In retrospect, it's easy to mistake Pixar's success as savvy planning on the part of Lasseter ("talented artist"), Catmull ("creative scientist") and Jobs ("visionary entrepreneur"), but the docu goes a long way to remind just how remarkable the meeting of these three minds proved. After all, even Lucas, who developed Pixar as the computer-graphics arm of his own filmmaking operation, decided to cut it loose before the division had revealed its true promise.
Narrated by Stacy Keach, pic opens with the image of a spinning zoetrope, followed by highlights from a century of hand-drawn toons, a fitting reminder of just how far animation has evolved to reach the sophistication evident in Pixar's product. The key, of course, was the introduction of the computer -- a tool Lasseter has elsewhere referred to as a multimillion-dollar pencil.

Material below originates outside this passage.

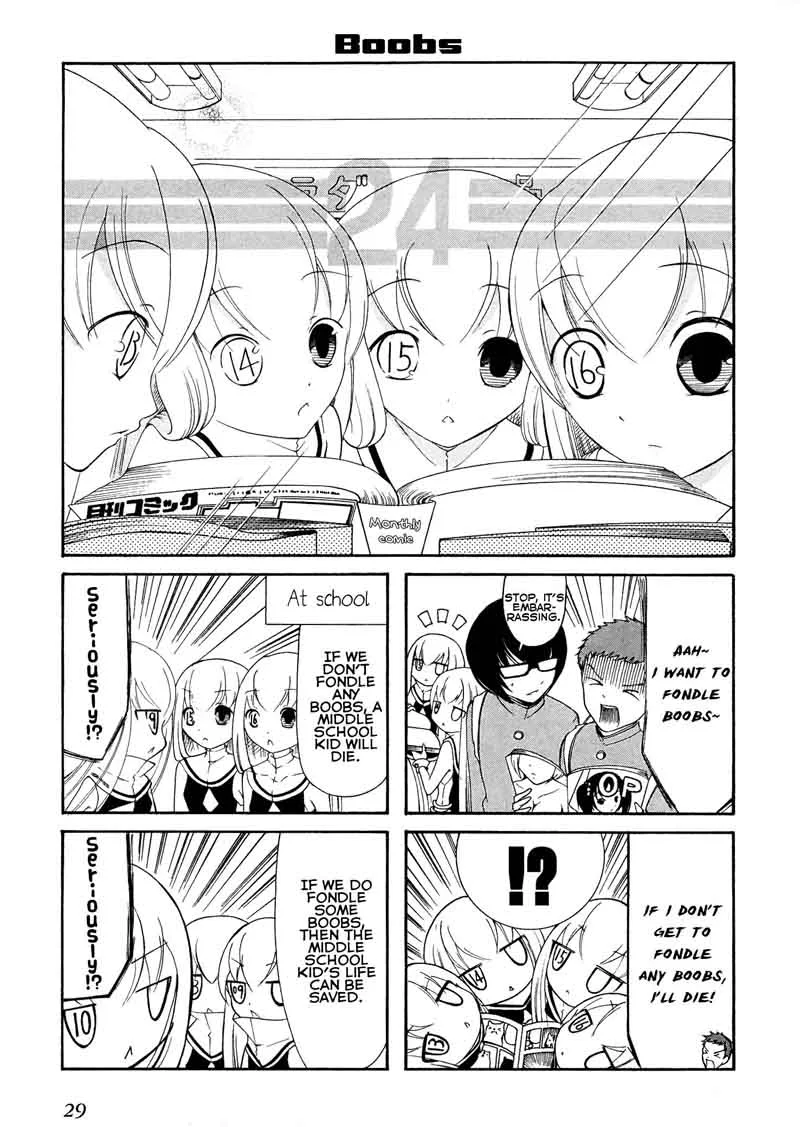 Number Girl Chapter 4 page 1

In other tellings of the Pixar story, Disney figures as the would-be villain (for letting Lasseter go during the early days of computer animation), with Lasseter's promotion to chief creative officer of Disney animation seen as the underdog-hero's poetic victory. But now that Disney and Pixar are one and the same, and because Iwerks' docu was produced internally, such dramatics have no place in this telling -- which probably makes for a more accurate account of events, considering that neither company would be where it is today without the other.